Of course we, as intellectual historians, would not want to become Menand clones. There are number of style choices we might observe in the works of other successful doyens of intellectual history. I’m sure there are excellent style notes to be made from observing closely the works of Perry Miller, Richard Hofstadter, and – one of my favorites – John Higham. But we’d be remiss to not note what made The Metaphysical Club a success in the eyes of our potential readers.

And a larger goal at USIH is to underscore the virtues of U.S. intellectual history for those well beyond the history profession, is it not? If so, Menand can help us understand the tactics needed to do so. – TL

2 Thoughts on this Post

  1. Tim,
    I think you’ve made excellent points about Menand’s writing style, and I think that style plays a large and often overlooked role in the making “good” intellectual history. Having been reading the New England Mind for the last year I’ve found that Perry Miller uses some of the same methods you attributed to Menand, namely, ending paragraphs with quotations, avoiding debate with other scholars, moving chronologically, letting the primary sources speak for themselves, and, of course, using metaphors and a vocabulary appropriate if not akin to his subjects. I read a book review by John P. Diggins not long ago of Conkin’s “Puritans and Pragmatists,” and he concludes by writing, “in intellectual history nothing succeeds like the failure of form.” This seems to a large extent very true. Still, whereas Miller or Menand are capable of drawing things out, putting ideas into context, Hofstadter’s writing seems more simple and to the point, yet just as effective. Hofstadter’s writing reminds me a good deal of a contemporary popular historian’s, Joseph Ellis. Both he and Ellis do superb jobs of summarizing the scholarship of other historians and creating out of it a lucid prose style. I think both these styles, whether Miller’s or Hofstadter’s, Menand’s or Ellis’s, share the quality of an incredible grasp of the English language. This seems to be a unique gift among U.S. intellectual historians that I think distinguishes us from other writers of history.

  2. Thomas,

    Thanks for the comment.

    I’d love to see that review of Conkin’s book by Diggins. Can you post the citation here to save me/us the research?

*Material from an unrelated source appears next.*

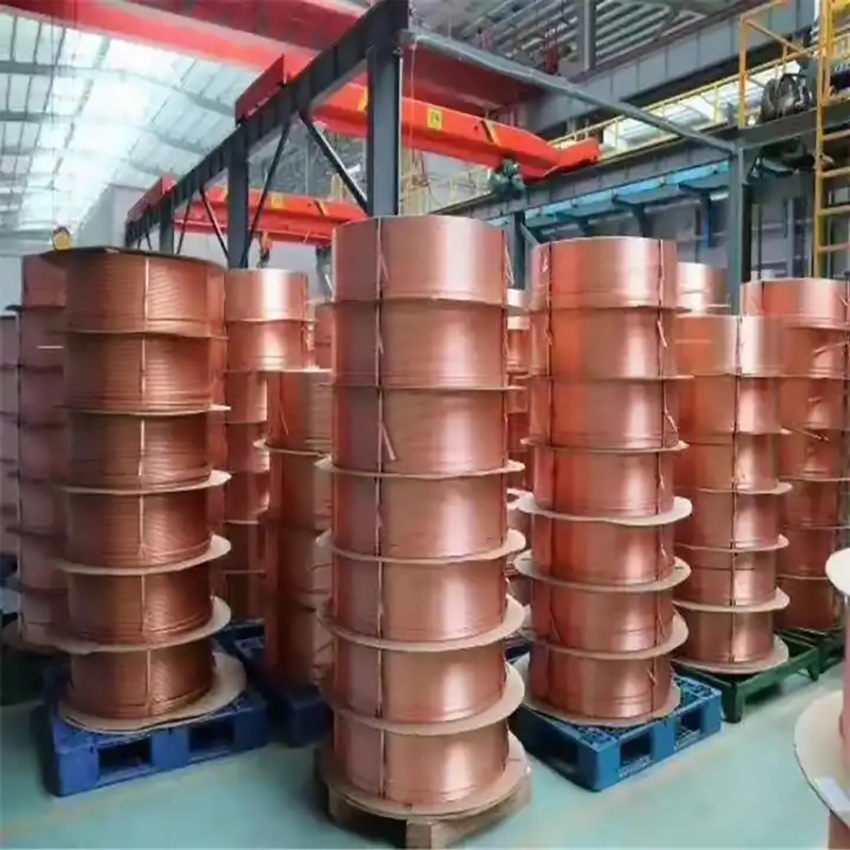 C10200/TU1 Copper Pipe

    I must admit that I have not read any of Joseph Ellis’ works. What’s his speciality?

    Finally, I disagree with your last two statements: “I think both these styles, whether Miller’s or Hofstadter’s, Menand’s or Ellis’s, share the quality of an incredible grasp of the English language. This seems to be a unique gift among U.S. intellectual historians that I think distinguishes us from other writers of history.”

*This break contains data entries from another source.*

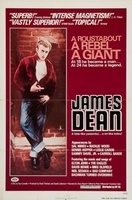 James Dean: The First American Teenager movie poster (1976) Longsleeve T-shirt #748669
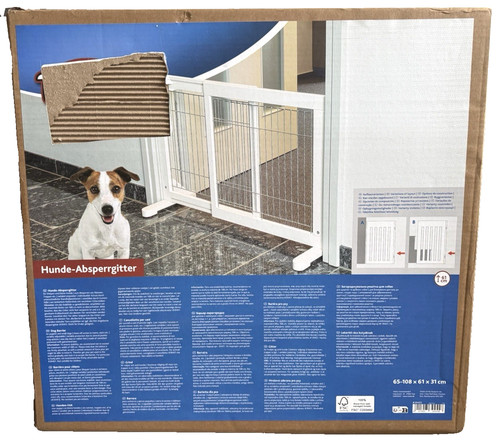 Trixie hunde absperrgitter - trixie,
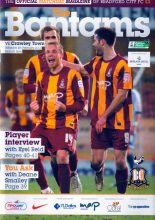 Bradford City v Crawley Town 04-Feb-2012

    I would assert the exact opposite among intellectual historians today. That group you cited is very much the exception rather than the rule. As a larger group we do not possess “an incredible grasp of the English language” that distinguishes itself from the work of historians generally. Today’s group of intellectual historians does fantastic work on first-rate topics (think Hollinger, for instance), but the group is not widely acclaimed for its sense of style (writing or otherwise). In terms of historians, people such as D. McCullough, D.K. Goodwin and T. Branch are cited as easy to read.

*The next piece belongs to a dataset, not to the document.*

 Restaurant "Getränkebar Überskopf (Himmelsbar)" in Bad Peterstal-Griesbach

    Since we love intellectual history, our assessments of one another’s style are necessarily and always colored toward the positive. If it’s serviceable, we’ll read it: we’re interested in the ideas presented and the intellectual life in general. Because of this we have to rely solely on outside evaluations for the foreseeable future. This is why I posted on Menand as an example: acclaim for his style transcends any assessments by other intellectual historians.